Posted June 26, 2014 @ 4:18am | by Tripp

Ordo amoris, the ordering of affections, of loves, is a notion attributed to Augustine of Hippo, the north African bishop and saint from the fourth century. I've been pondering this idea all night. There is so much out of order. Margaret Guenther was on campus to deliver a lecture and answer some questions. She's really quite astonishing as were some of her insights into the spiritual life.

Spirituality is, in the most simple terms, the ordering of our loves. There are then many, many spiritualities out there. Some are beneficial. Some are not. Some are saintly. Some are dangerous. Often there is overlap. Often we're working several spiritual paths simultaneously. A great deal of self-awareness must be developed if we are to navigate these waters.

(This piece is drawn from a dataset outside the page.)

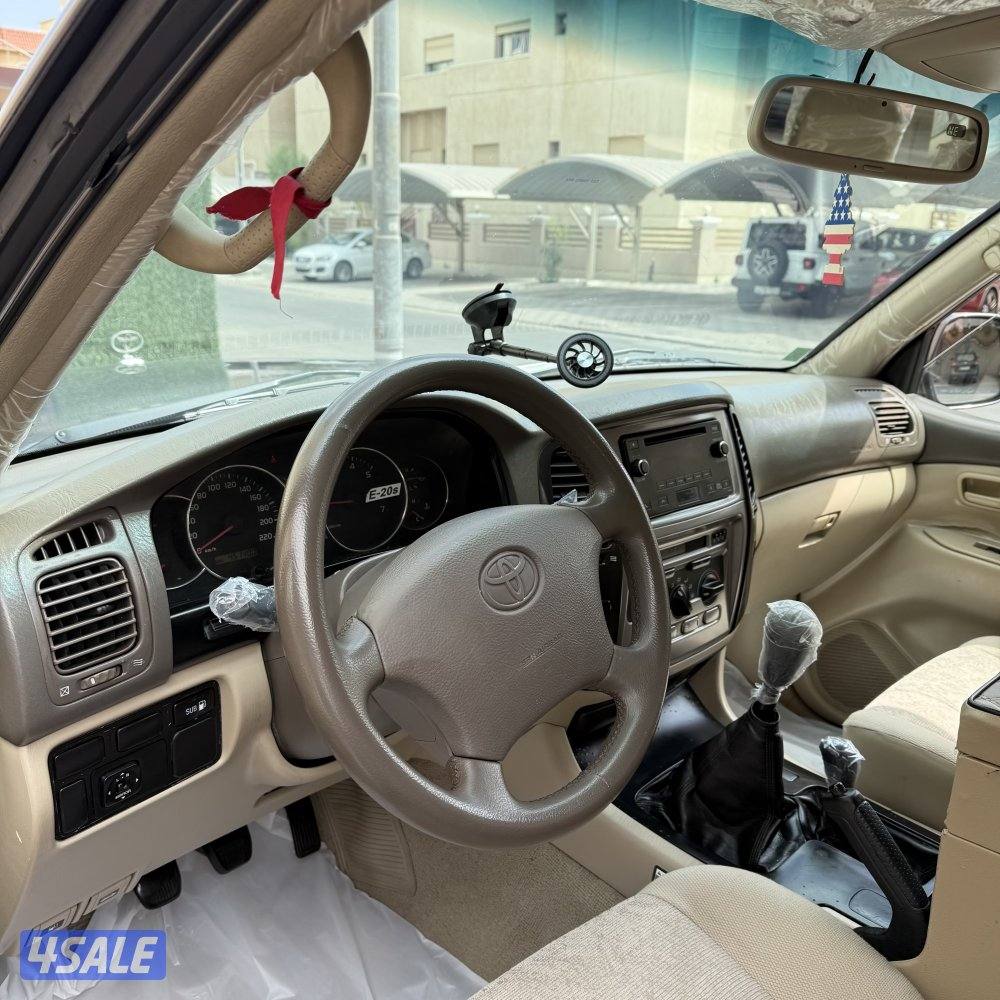 قير عادي شاصي جييييد2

Though she said nothing "new," this is spirituality after all, she said some things in ways that I had not heard before and that was helpful. This Augustinian notion especially was helpful for me in my work. How does Naomi Cumming's idea of "listening as an act of love" immesh with "ordo amoris"? There is much to consider.

In other news, it rained last night.

GITALI 13

Again You have come in the form of the Sraban,
You have enveloped Yourself in a cloud veil.

The sun is lost,
Lost too are the stars;

In the darkness
they lose their way.

Waves surge up
in the river water.

The whole sky, the whole earth
are filled with the message of pouring rain.

My dark night rings out madly
with the constant drumming
of battering sheets of rain;

It throbs
in every vein of mine.

One more thing from last evening: You cannot give what you do not have. If you wish to give love, you must cultivate it in yourself. If you wish to give peace, cultivate it within yourself. If you wish to offer wisdom, insight, humility, you must cultivate it within yourself.

This thing that we do, this "religious life," this "spiritual path," is no joke. It is not a plaything. It is not simply a tool for self-improvement. It is, instead, a means of understanding how we are all, in the end, part of one another. There is no other life than life together.